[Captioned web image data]
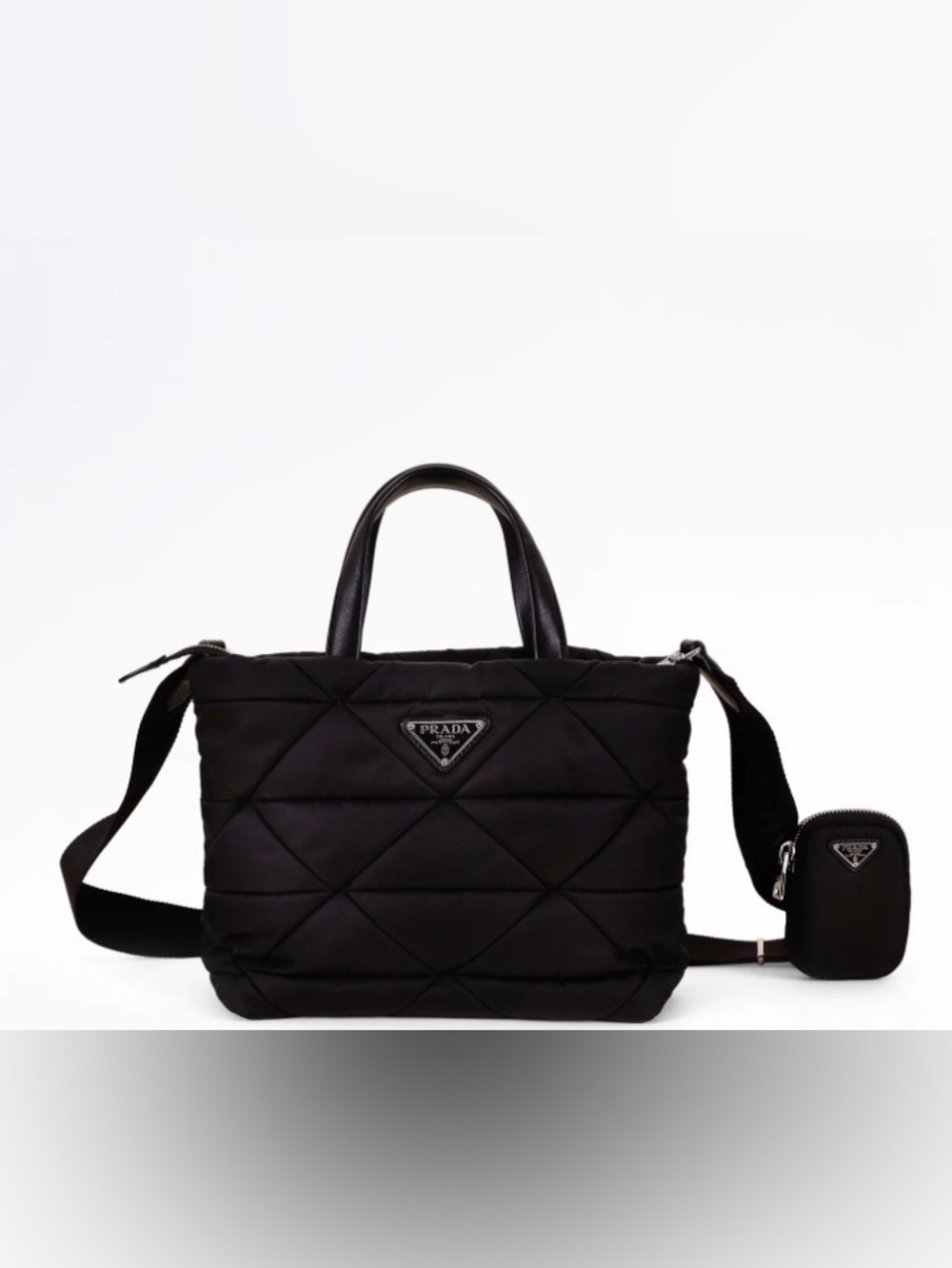 Prada Black Quilted Nylon Tote with Top Handles
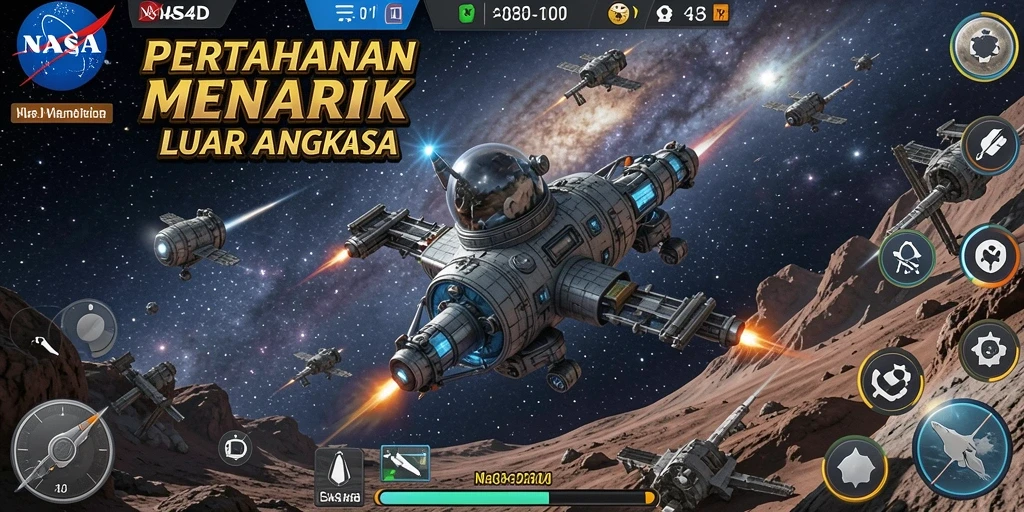 Tangkapan layar gameplay Tower Defense yang seru di NASA4D.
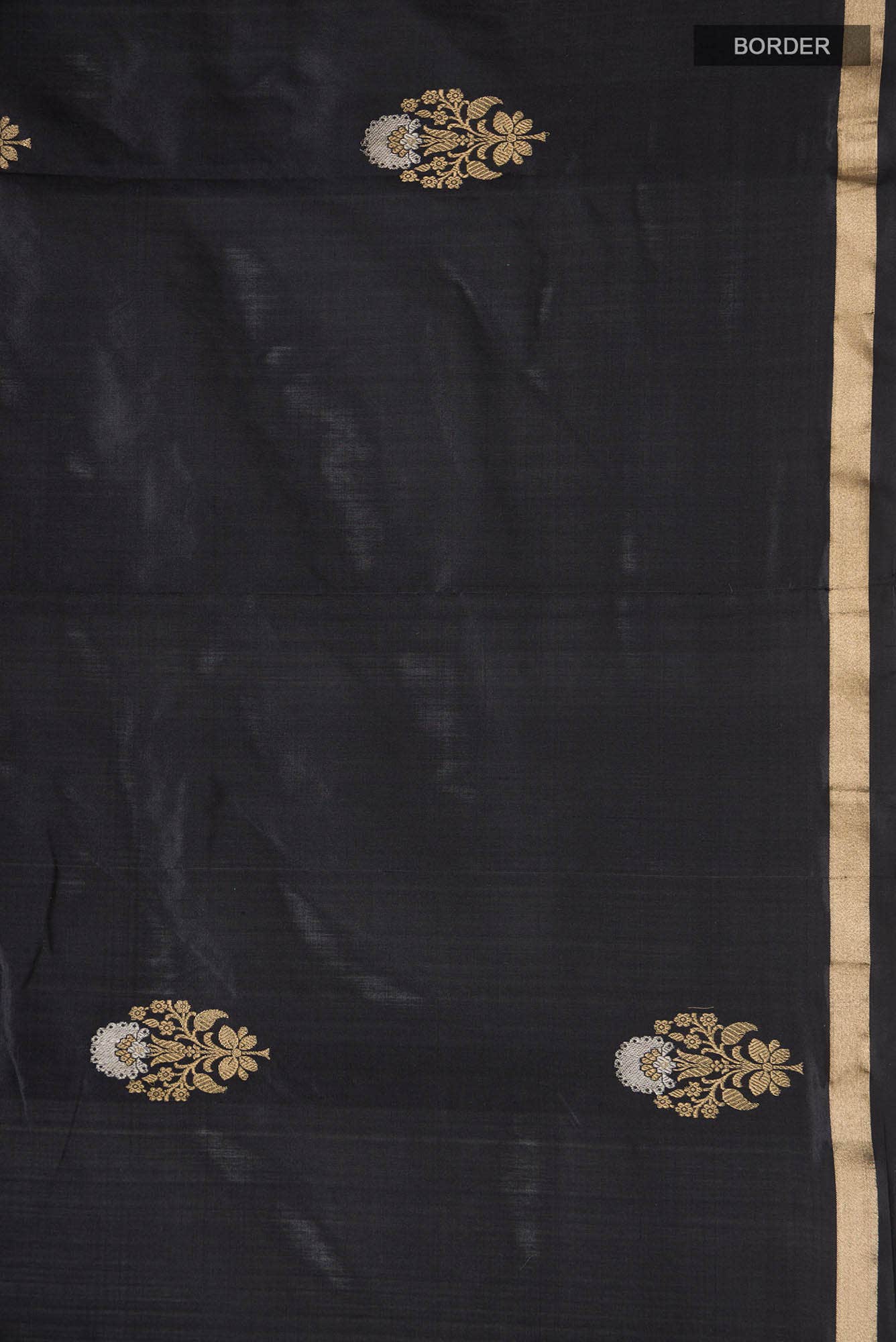 Black Banarasi Katan Silk Saree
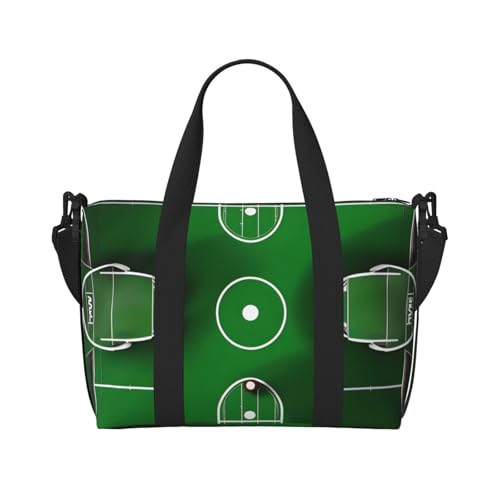Green Football Field Print Hand Travel Bag,Gym Bag,Weekend Travel Overnight Bag,Tote Bag Sports Bag For Women Men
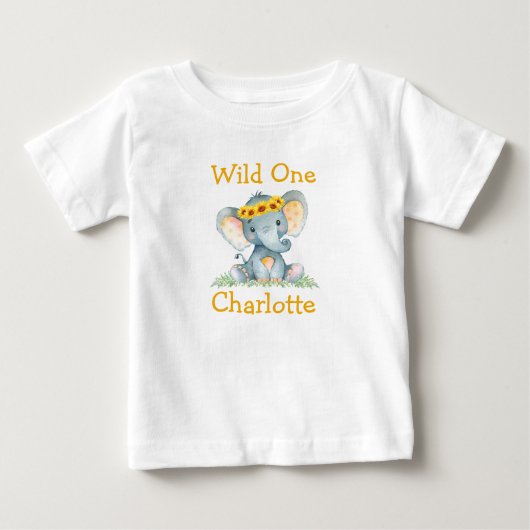 ワイルドワン 1歳誕生日 象のひまわり ベビーTシャツ (正面)
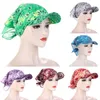 Brede randmutsen 2022 Simple Ladies Sun Hat Printing Square sjaal met headscarf Beach Summer Cap voor vrouwen anti-ultraviolet reizen Scot22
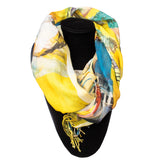 Damen Schal farblich gemustert und mit Fransen - Kalea S1 in gelb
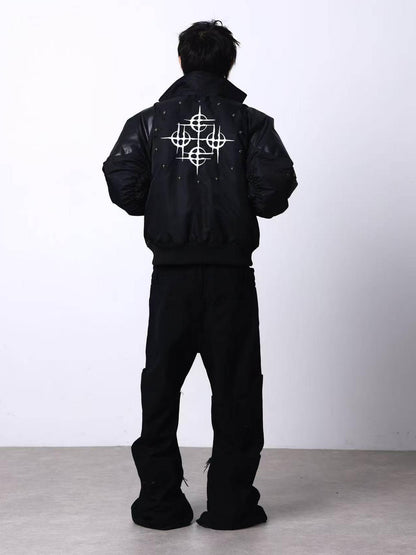 DETW onLine Black Armor Patchwork Embroidered Women&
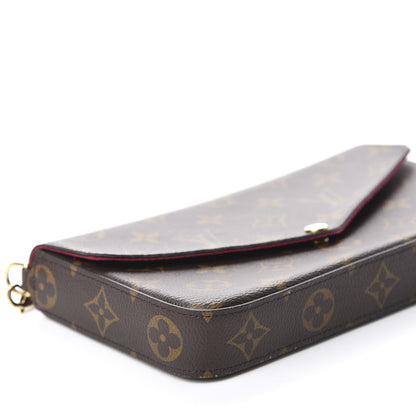 Louis Vuitton Monogram Pochette Felicie Chain Wallet Fuchsia 6 of 13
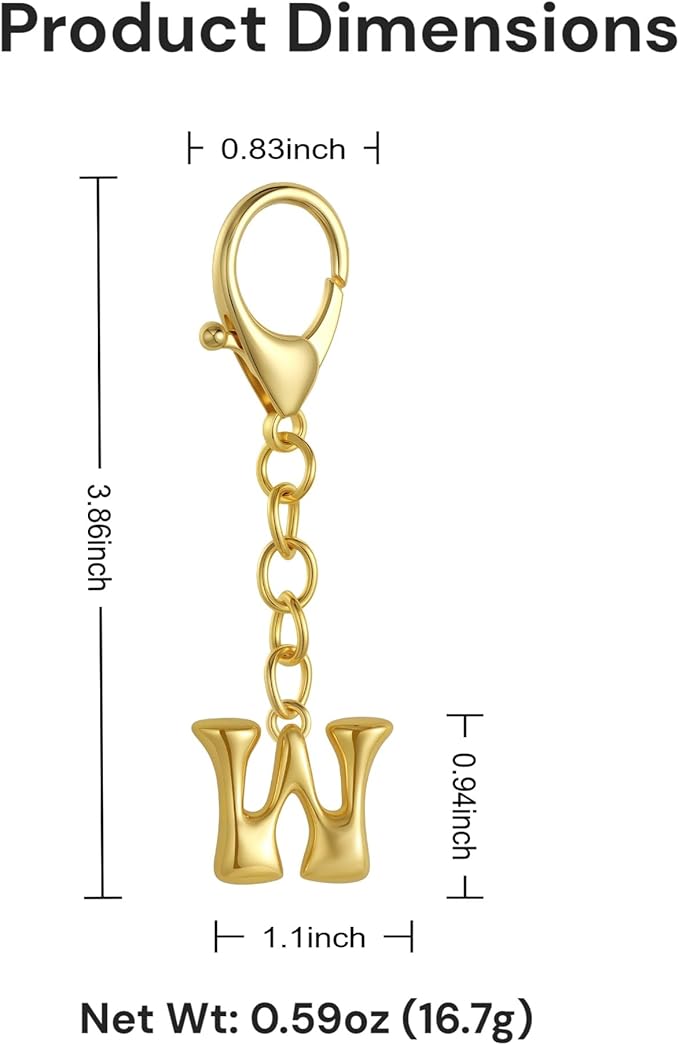Bubble Gold Letter Bag Charms for Women, Cute Initial Keychain for Handbags, Purse Charms Birthday Christmas Gifts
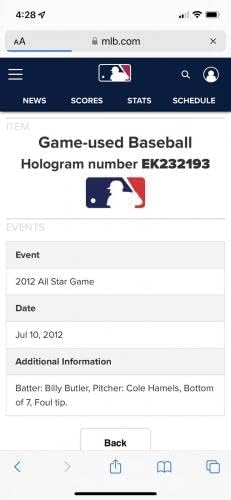 Майк Пъстърва Използва игра на бейзбол 1st Career ASG С автограф от MLB Auth - Бейзболни топки с автограф на MLB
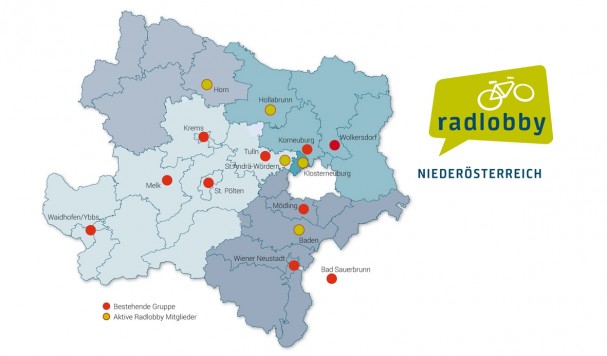 Landkarte Niederösterreich mit Radlobby-Gruppen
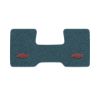 1987 Chevrolet R10 2WD Automatic/3-Speed Low Tunnel one-piece front floor mat with the Chevy Truck with Bolts logo in Cutpile 7766 Blue carpet, illustration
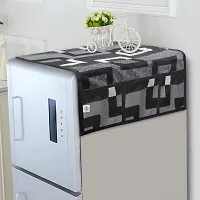 Stylish Polyester Fridge Top Cover with 6 Utility Pockets And Fridge Handle Cover- 3 Pieces-thumb1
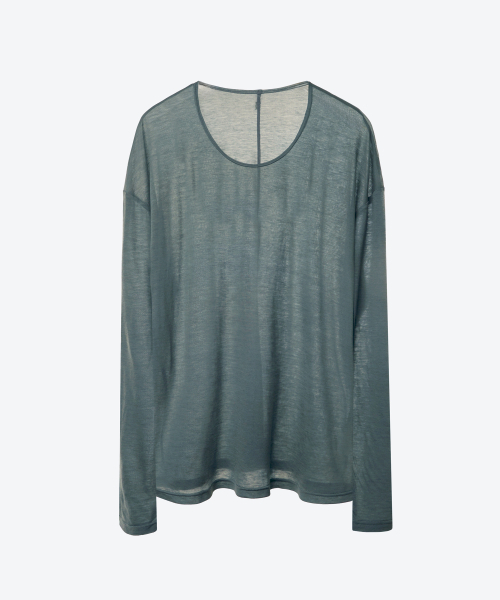 UNTAGE（アンテージ）の「UネックウールテンセルスラブTシャツ[メランジブルー(ユニセックス)]_UTT-ST57（Tシャツ/カットソー・メンズ・その他・LARGE/MEDIUM）」の5枚目の写真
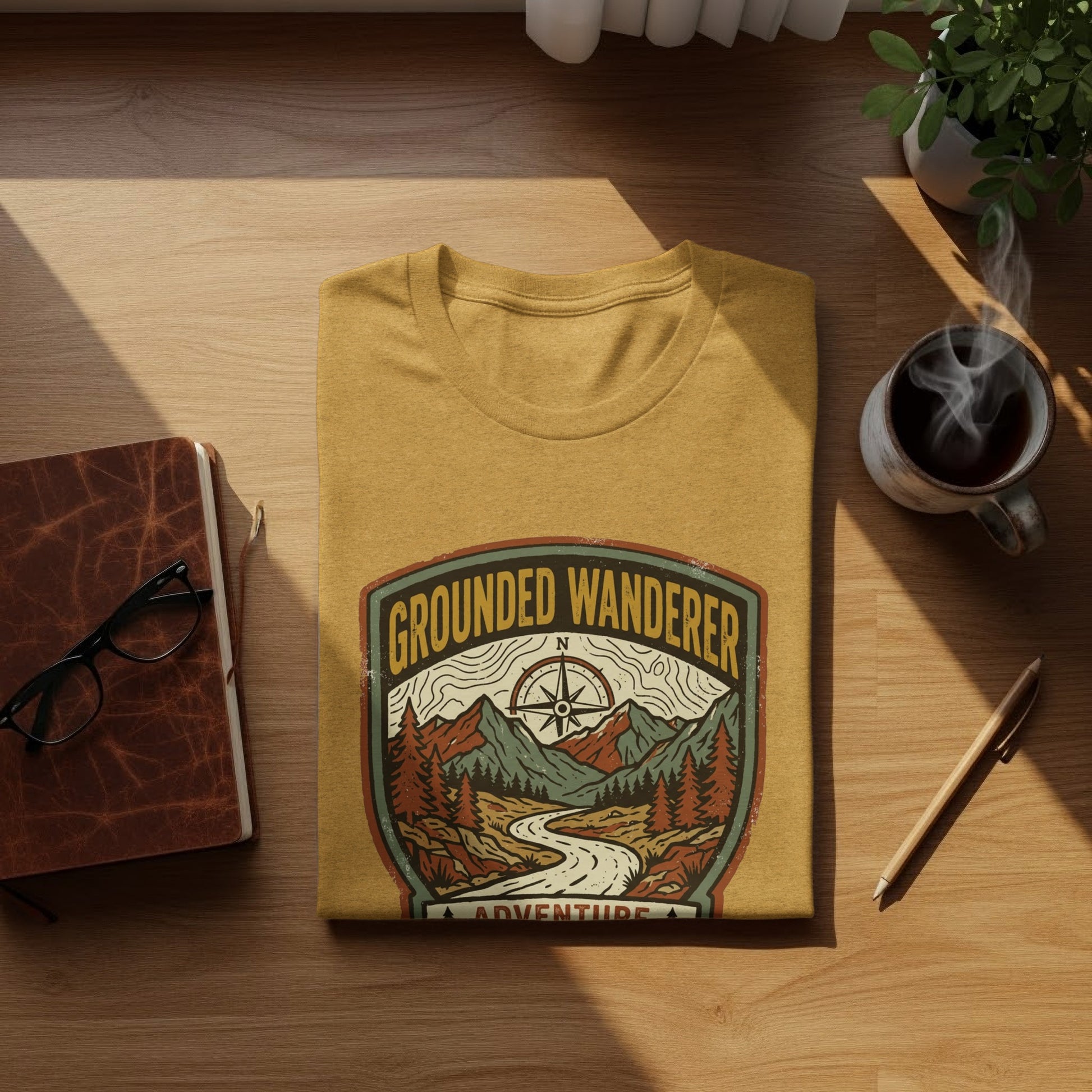 Heritage Grounded Wanderer Adventure Nomad Tee: Mustard t-shirt with "Grounded Wanderer Adventure" mountain landscape design.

◆ **TASK STATEMENT**
Print each entry above verbatim, pictures left out.

◆ **ANSWER TO THE EXERCISE**
 Prada Black Quilted Nylon Tote with Top Handles
 Tangkapan layar gameplay Tower Defense yang seru di NASA4D.
 Black Banarasi Katan Silk Saree
Green Football Field Print Hand Travel Bag,Gym Bag,Weekend Travel Overnight Bag,Tote Bag Sports Bag For Women Men
 ワイルドワン 1歳誕生日 象のひまわり ベビーTシャツ (正面)
 Brede randmutsen 2022 Simple Ladies Sun Hat Printing Square sjaal met headscarf Beach Summer Cap voor vrouwen anti-ultraviolet reizen Scot22
 Damen Schal farblich gemustert und mit Fransen - Kalea S1 in gelb
 DETW onLine Black Armor Patchwork Embroidered Women&
 Louis Vuitton Monogram Pochette Felicie Chain Wallet Fuchsia 6 of 13
Bubble Gold Letter Bag Charms for Women, Cute Initial Keychain for Handbags, Purse Charms Birthday Christmas Gifts
 Майк Пъстърва Използва игра на бейзбол 1st Career ASG С автограф от MLB Auth - Бейзболни топки с автограф на MLB
 Landkarte Niederösterreich mit Radlobby-Gruppen
 1987 Chevrolet R10 2WD Automatic/3-Speed Low Tunnel one-piece front floor mat with the Chevy Truck with Bolts logo in Cutpile 7766 Blue carpet, illustration
 Stylish Polyester Fridge Top Cover with 6 Utility Pockets And Fridge Handle Cover- 3 Pieces-thumb1
 UNTAGE（アンテージ）の「UネックウールテンセルスラブTシャツ[メランジブルー(ユニセックス)]_UTT-ST57（Tシャツ/カットソー・メンズ・その他・LARGE/MEDIUM）」の5枚目の写真
 Heritage Grounded Wanderer Adventure Nomad Tee: Mustard t-shirt with "Grounded Wanderer Adventure" mountain landscape design.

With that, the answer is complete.